Creating a Lazy Sequence of Directory Descendants in C#

My dear friend Craig Andera posted an implementation of a function that descends into a directory in a "lazy" manner, i.e. you get the first descendant back right away and not after all descendants have been calculated. His implementation was in Clojure, a Lisp variant that runs on the Java VM:

(import [java.io File])

(defn dir-descendants [dir]
  (let [children (.listFiles (File. dir))]
    (lazy-cat
     (map (memfn getPath) (filter (memfn isFile) children))
     (mapcat dir-descendants
      (map (memfn getPath) (filter (memfn isDirectory) children))))))

Craig was happy with this function because, even though it was a "mind-bender to write," it's easy to read and because C# "would almost certainly be at least somewhat more verbose."

Taking this as a challenge, I rewrote this program in C#, maintaining the laziness:

using System.IO;
using System.Collections.Generic;

namespace ConsoleApplication1 {
    class Program {
        static IEnumerable<string> GetDirectoryDecendants(string path) {
            foreach (var file in Directory.GetFiles(path)) { yield return file; }
            foreach (var directory in Directory.GetDirectories(path)) {
                foreach (var file in GetDirectoryDecendants(directory)) { yield return file; }
            }
        }
    }
}

The key hit here is the use of "yield return" which lets me return elements of an IEnumerable as I calculate them. This took me 5 minutes to write, my mind is straight and I find it fairly easy to read. I'll let you decide on the relative verbosity of each implementation.



Comment Feed 18 comments on this post

Michael McMullen:


This was just begging for an F# solution...

open System.IO;

let rec GetDirectoryDecendants path =
    seq {
        yield! Directory.GetFiles(path)
        for p in Directory.GetDirectories(path) do
            yield! GetDirectoryDecendants p
    }

Tuesday, Mar 9, 2010, 3:21 PM


Max C:


The C# version will take forever to return the first result, or crash with an out of memory condition, if any one directory contains a lot of files. Don't know about the other one. http://s3.codeplex.com has a C# implementation that works in the general case.
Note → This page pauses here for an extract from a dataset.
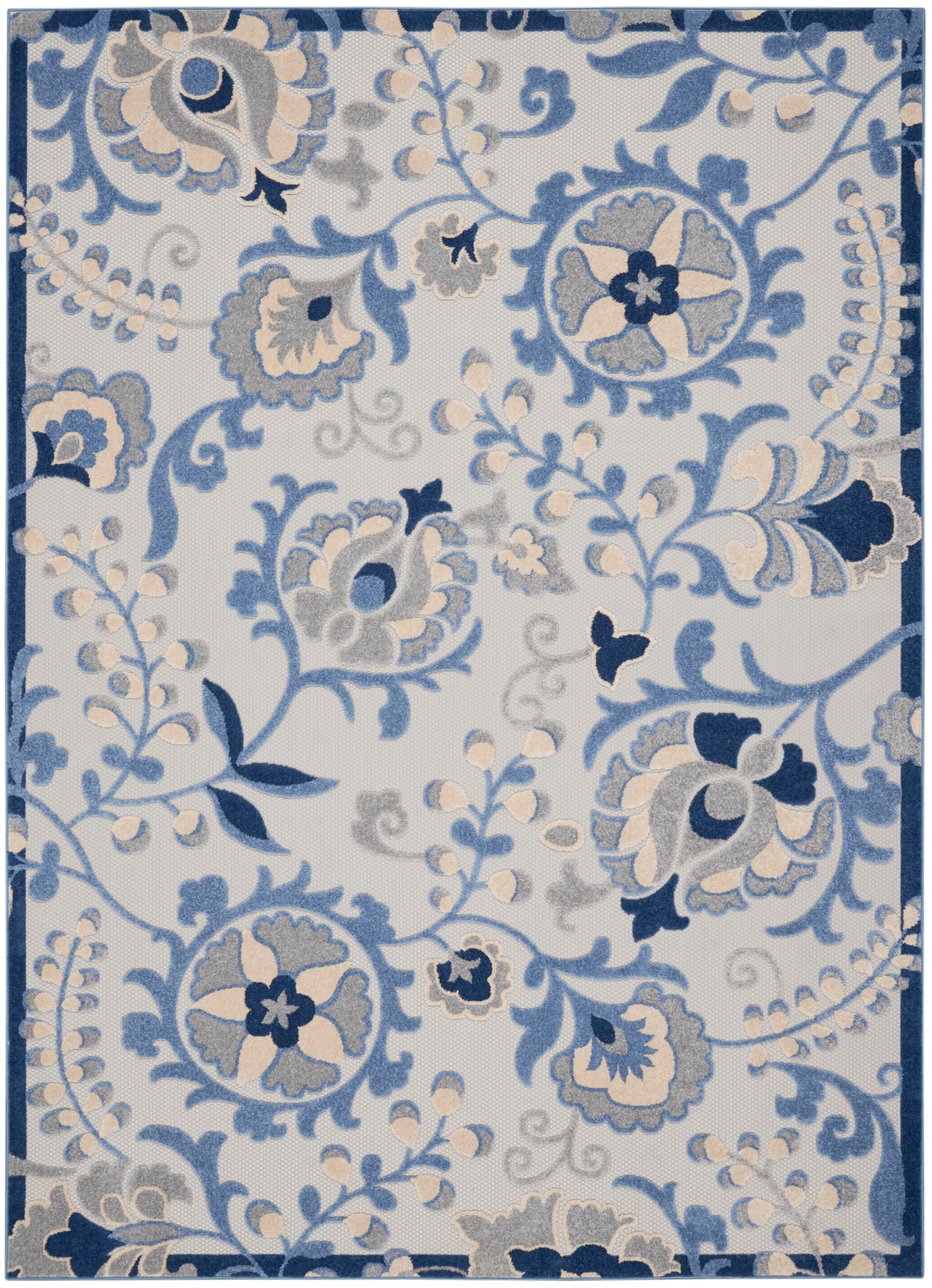 Nourison Home Aloha Blue Grey 7' x 10' Area Rug - Easy Clean, Non Shedding, Bed Room, Living Room, Dining Room, Kitchen (7' x 10')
Tuesday, Mar 9, 2010, 5:08 PM


Justin Van Patten:


With .NET 4 you can simply call:

Directory.EnumerateFiles(path, "*", SearchOption.AllDirectories);

This will lazily enumerate all files, recursively. The only hiccup you might run into is that like GetFiles, EnumerateFiles will throw an exception when it comes across a path the caller doesn't have access to, which terminates the enumeration. We're considering adding a "continue on error" option to a future release to address this.

To learn more, check out my MSDN Magazine CLR Inside Out column at http://msdn.microsoft.com/en-us/magazine/ee428166.aspx

Tuesday, Mar 9, 2010, 7:59 PM


Aaron N.:


It's still getting all the directories and files in a directory, before returning data, because you're not using the APIs in .NET 4 that truly return as items are found.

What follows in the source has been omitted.